Improvement to design automation research is of profound importance; it is difficult to imagine how this will occur if we cannot accurately evaluate or compare approaches. One of the purposes of publishing research is to enable others to understand the merit of an approach, and to make subsequent comparisons. Without a common interpretation of the available benchmarks, the entire research process is undermined.
While we have focused primarily on wire length evaluation here, we note that there are far greater difficulties with performance driven design. Delay models, device parameters, determination of the longest path, and interpretations of clocking schemes, can all make significant impact on results. For example, the delay reported in [16] is a factor of 10 lower than the result of [20] . Other areas of VLSI CAD research are likely to have similar problems: [2] focused on hypergraph partitioning, and makes a number of suggestions which could very easily apply here. As fabrication technology advances, and the size of the "design gap" increases, improvements to the reporting and evaluation of results becomes increasingly important. Our main suggestions are the following.

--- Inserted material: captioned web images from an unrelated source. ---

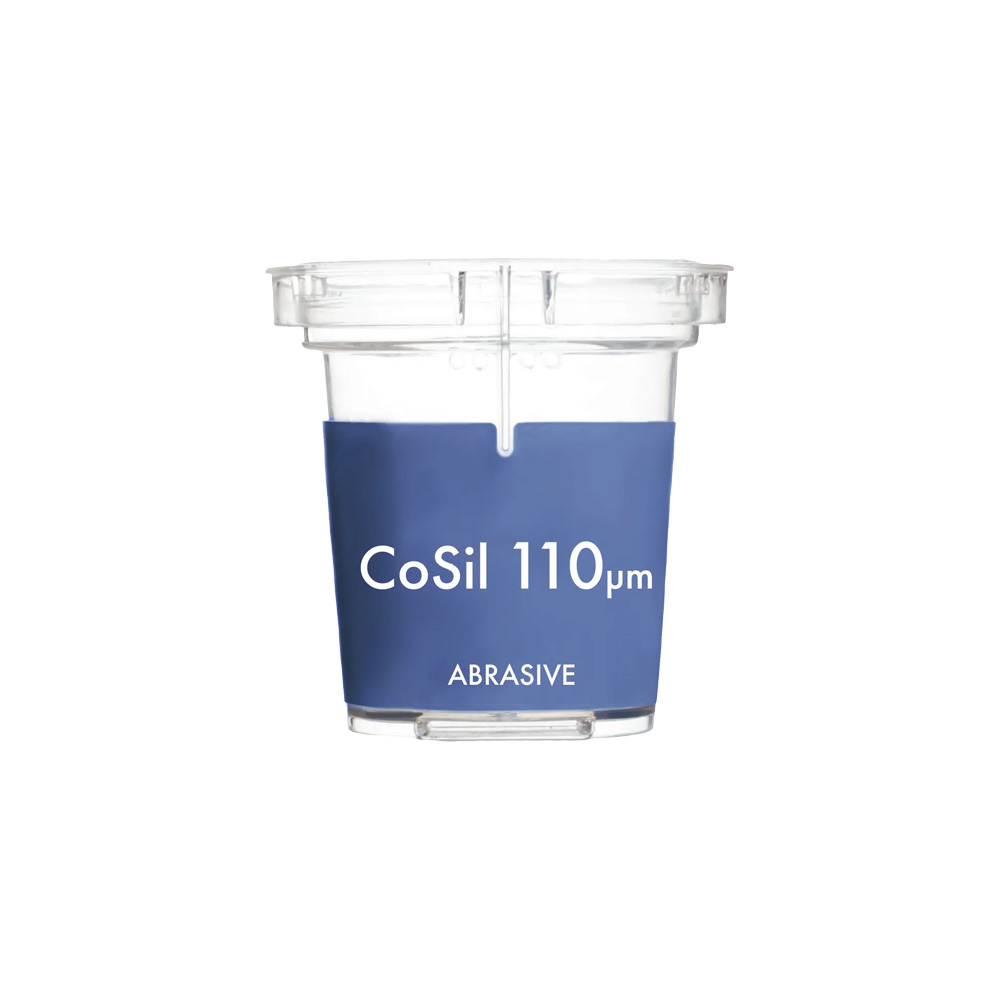 CoSil 110µm LabSeries 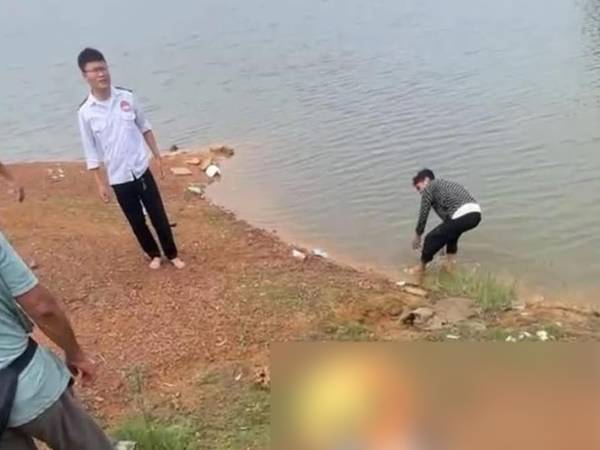 Ảnh bìa bài viết 988574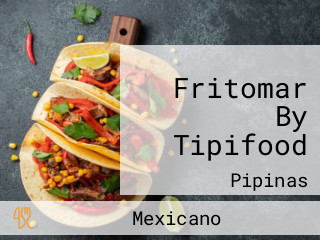 Fritomar By Tipifood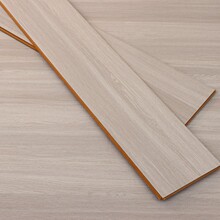 �����ͺ�ľ�ذ�7-8-12mm���b����ľ�ذ幤�̼��õ�ů�i�۳��ⷿ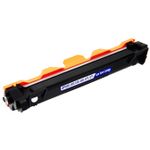 Brother TN1050 toner zwart (Inkt Maxx Huismerk)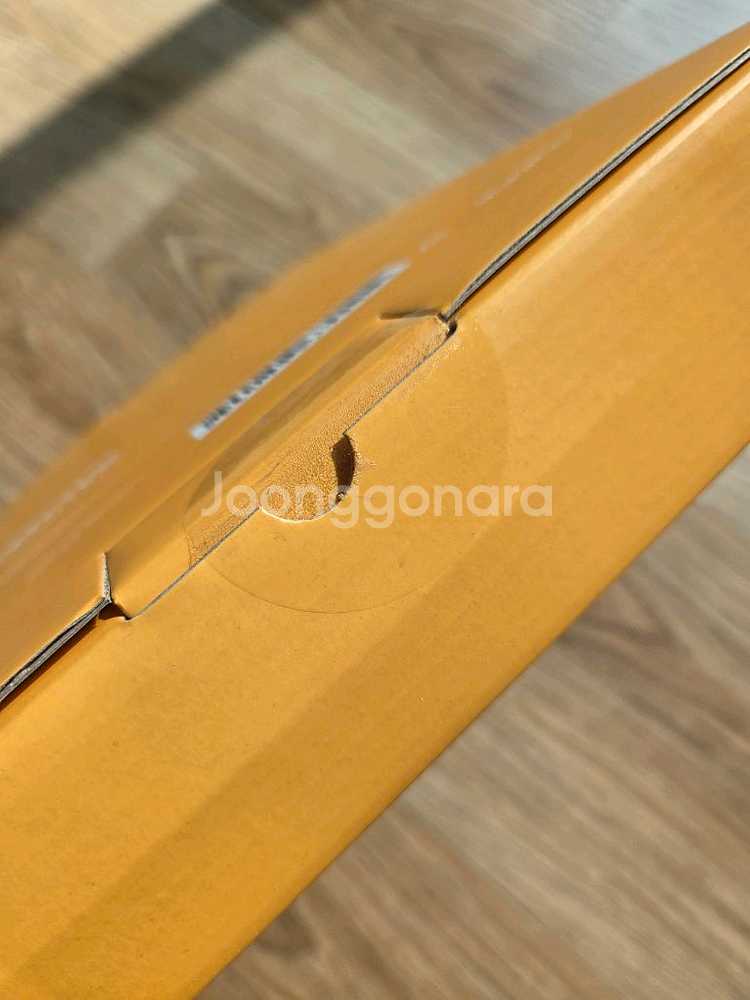 로우로우 갤럭시탭 S10 플러스 파우치--2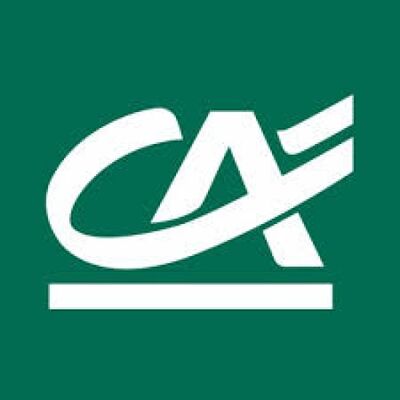 logo-ca-253932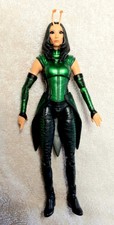Marvel Legends Mantis (BAF) Mantis BAF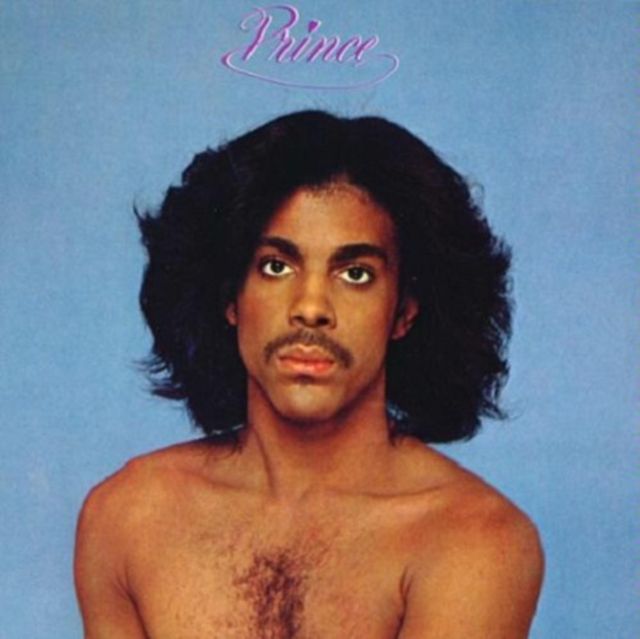 Prince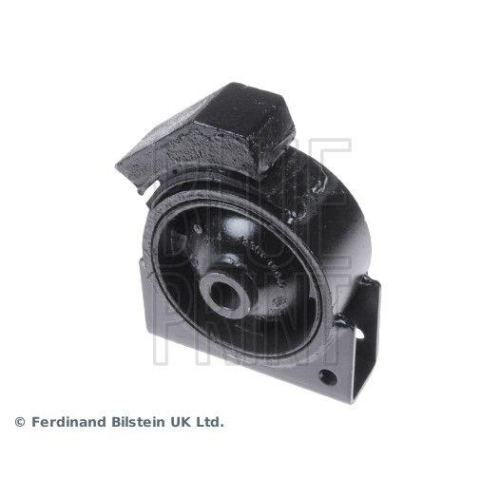 BLUE PRINT Lagerung, Motor ADT380166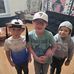 Nathan Eastman - Facebook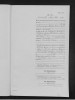 Death Cert Wilhelmine Katharine Johannette Christine Bauer 1915-00010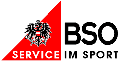 BSO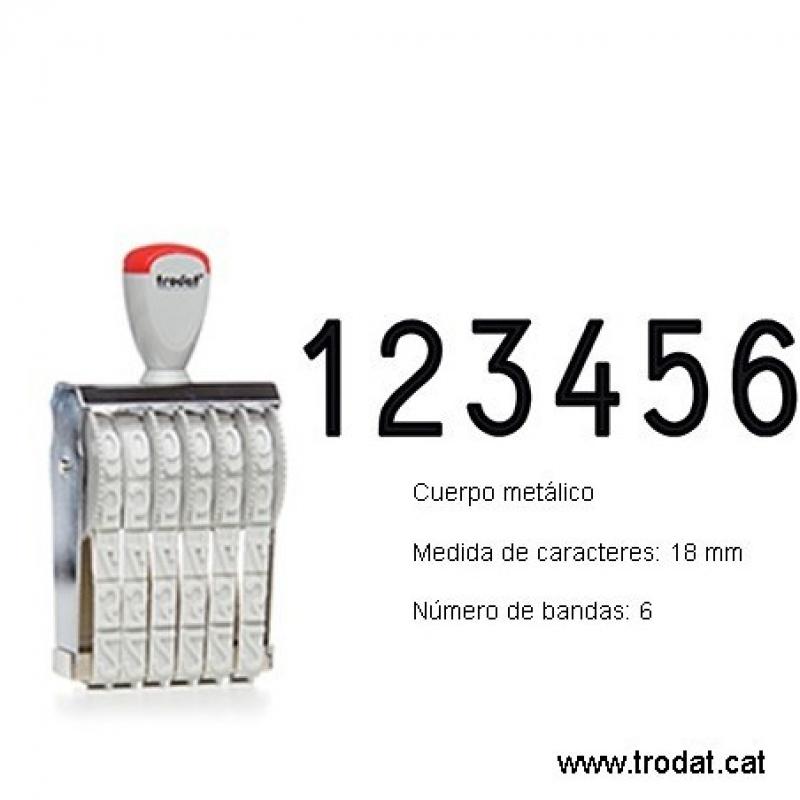framun-numeradores-a-bandas-de-goma-15186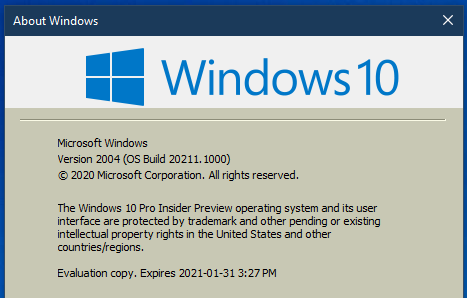 Windows 10 Insider Preview Build 20211.1000 (rs_prerelease) - Sept. 10-winver-build-20211.png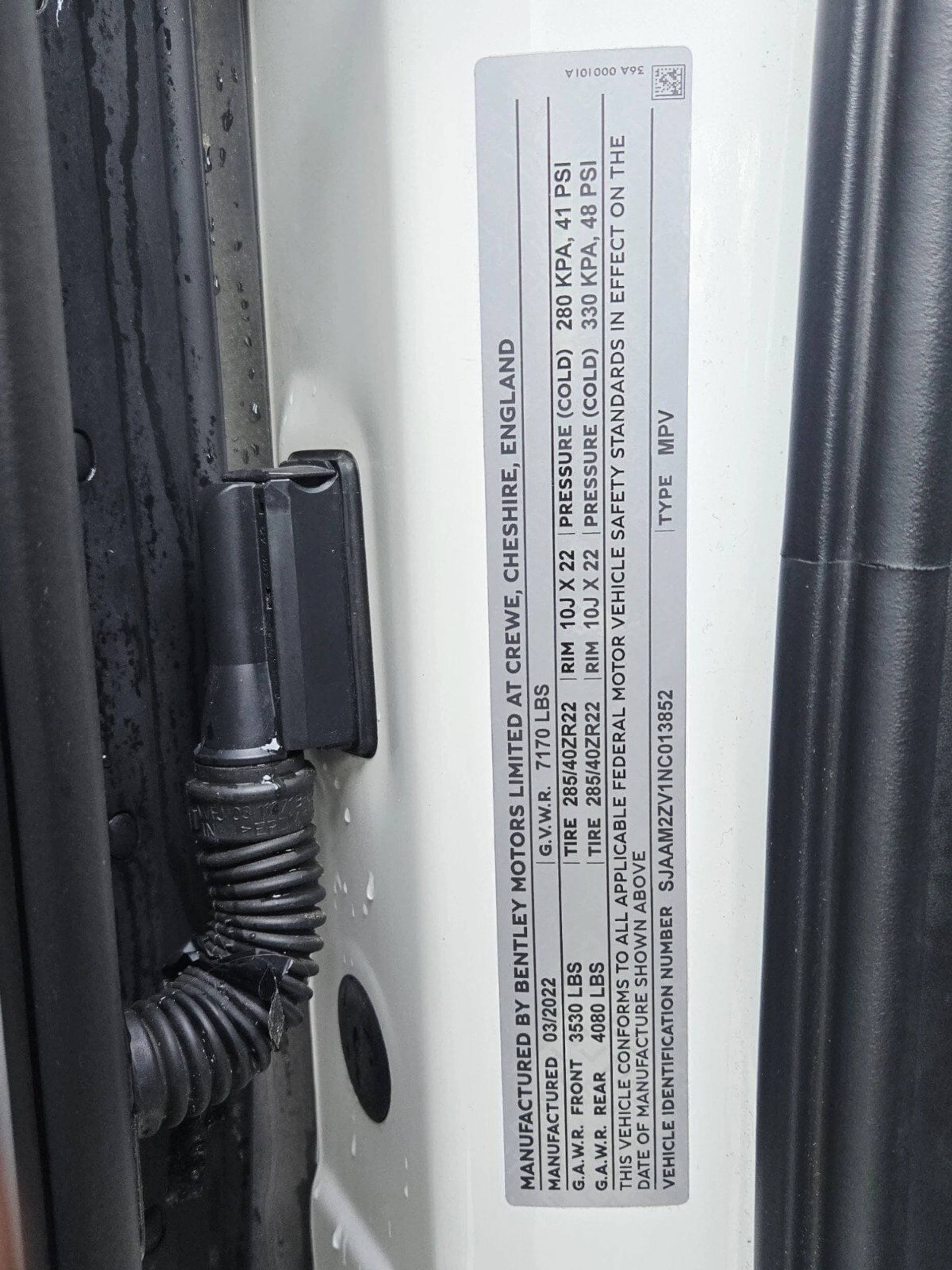 mph053_1070993895_17b19b5e6d9d56d4dae86a47919d1804x_eb821b63e0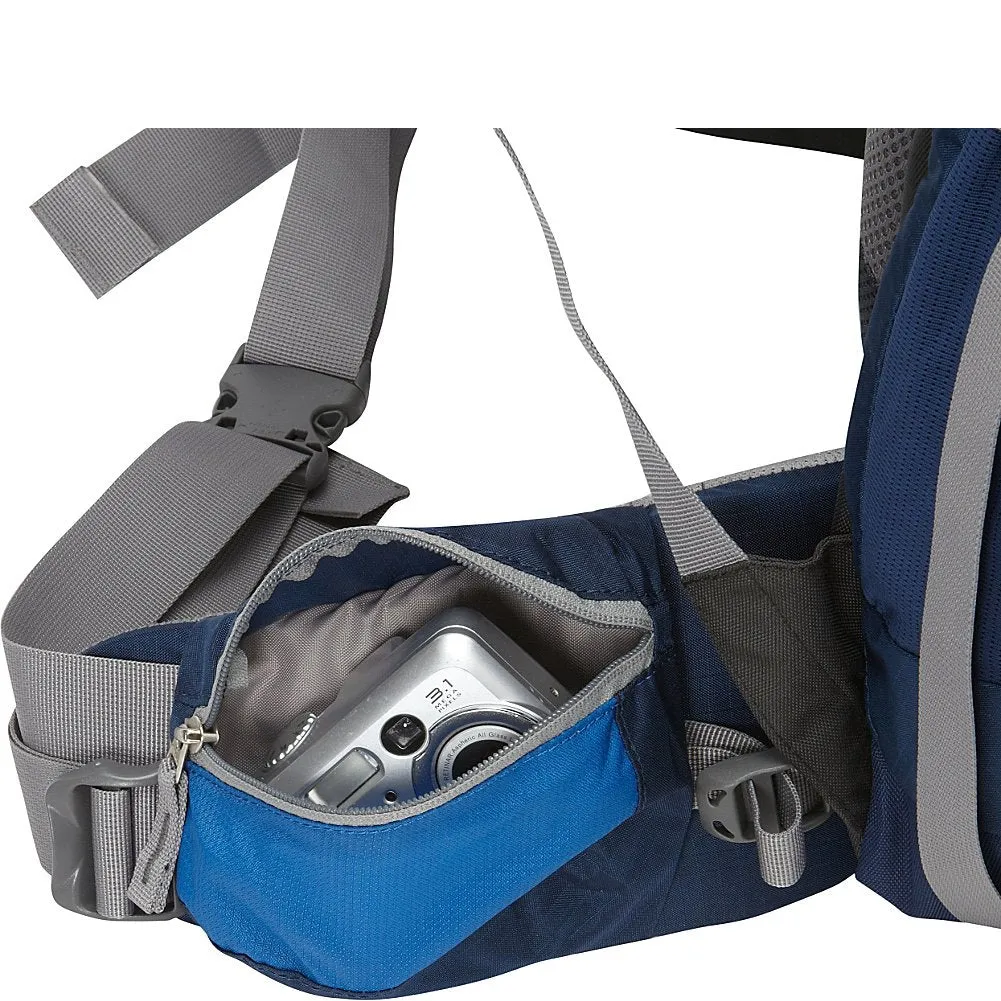 Deuter ACT Lite 70 10 Hiking Backpack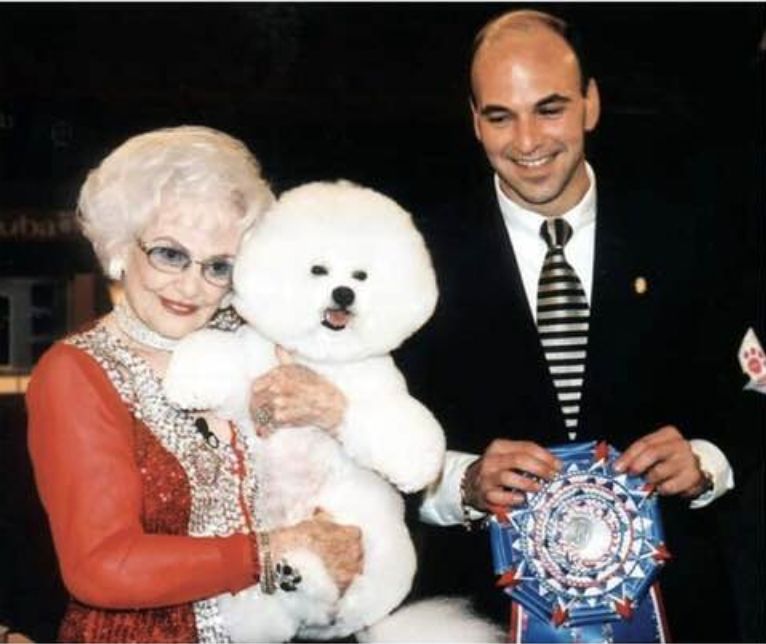 The Gossip Column: June 23, 2023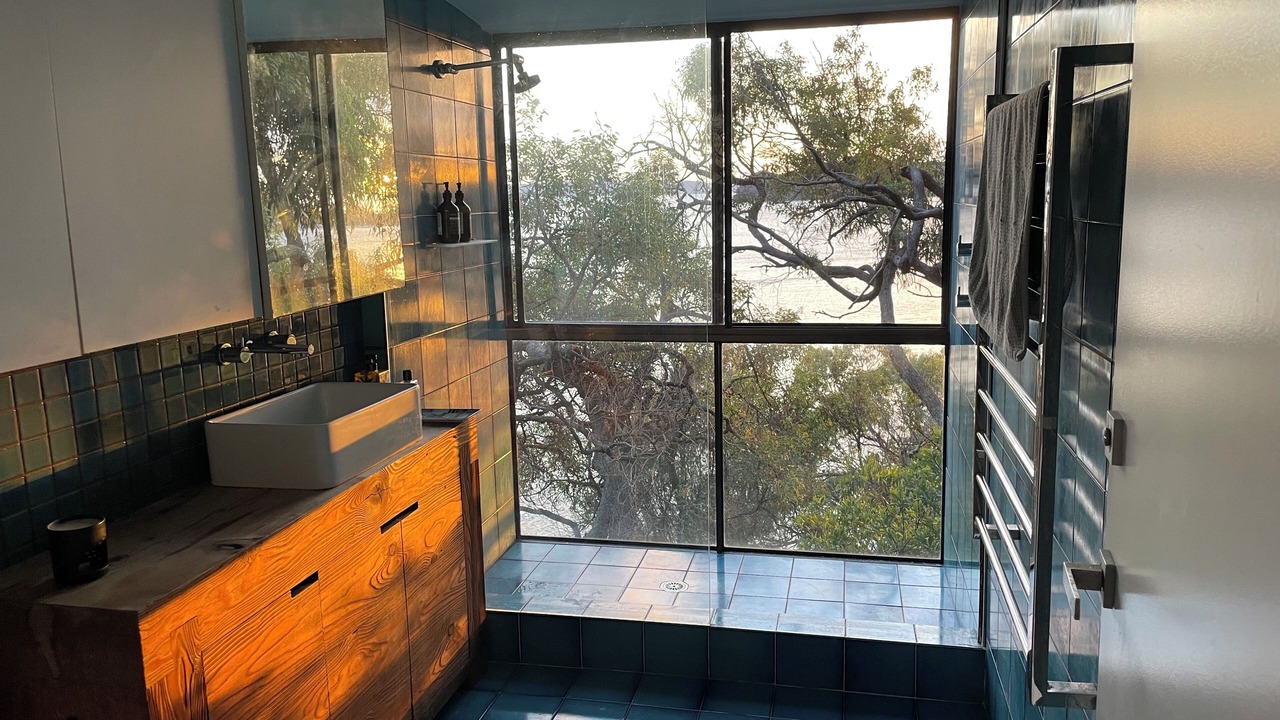 Photo of Bathroom in Sydney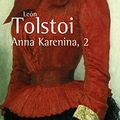 Cover Art for 9788420650760, Anna Karenina by Leo Tolstoy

Distribution of Placement Results
We would encourage research groups working on placement to make their placement output available (perhaps through the web). This is common practice in many other academic areas, and we expect that this would reduce ambiguity in reported results substantially. Distribution of results requires very little effort.
As part of the GSRC Bookshelf [8] effort, placement results from a number of tools have been made available. In addition, both source code and executable versions of some placement tools are also available, allowing independent verification of results.
We have refrained from presentation of "definitive" placement results in this paper, preferring instead to direct researchers towards a Web-based table of current results. Placement results are large, preventing unambiguous description in the limited space available for a technical paper. Additionally, placement tools are being continually improved, and results that could be reported here would likely become outdated quickly.
Standard Measurement
We would also encourage the adoption of a standard for row spacing, number of rows, and method of half-perimeter wire length computation. Many current research groups have eliminated row spacing, and this matches current design practice; thus, we suggest that the standard include zero spacing, and caution that this will make results from current placement tools incomparable to some previously published work. The GSRC Bookshelf standard cell placement slot includes a tool to determine half perimeter wire length, given a properly formatted placement result.
It should be stressed again that half-perimeter wire length should not be considered as the only measure of placement quality. Issues such as signal delay, power consumption, crosstalk, and area are perhaps more important, but are also quite difficult to measure accurately. It is our hope that if some convergence can be obtained on half-perimeter wire length measures, we can extend this success to other metrics as well.
New Benchmarks
Industry groups have been hesitant to release current designs, citing competitive advantage issues. We would suggest that while some competitive advantage might be lost, guidance and benchmarks from industry groups could improve the state of computer aided design as a whole.
Recently, a number of industrial partitioning benchmarks [1] have been adapted into standard cell placement benchmarks [21] . While these new benchmarks lack information such as signal directions, cell functionality, etc., they are relatively large, and are also free of wide ranging interpretation. We encourage research groups to report results on these benchmarks, using the row spacings, pad placements, and distance metrics provided. These benchmarks are available through the GSRC Bookshelf standard cell placement slot.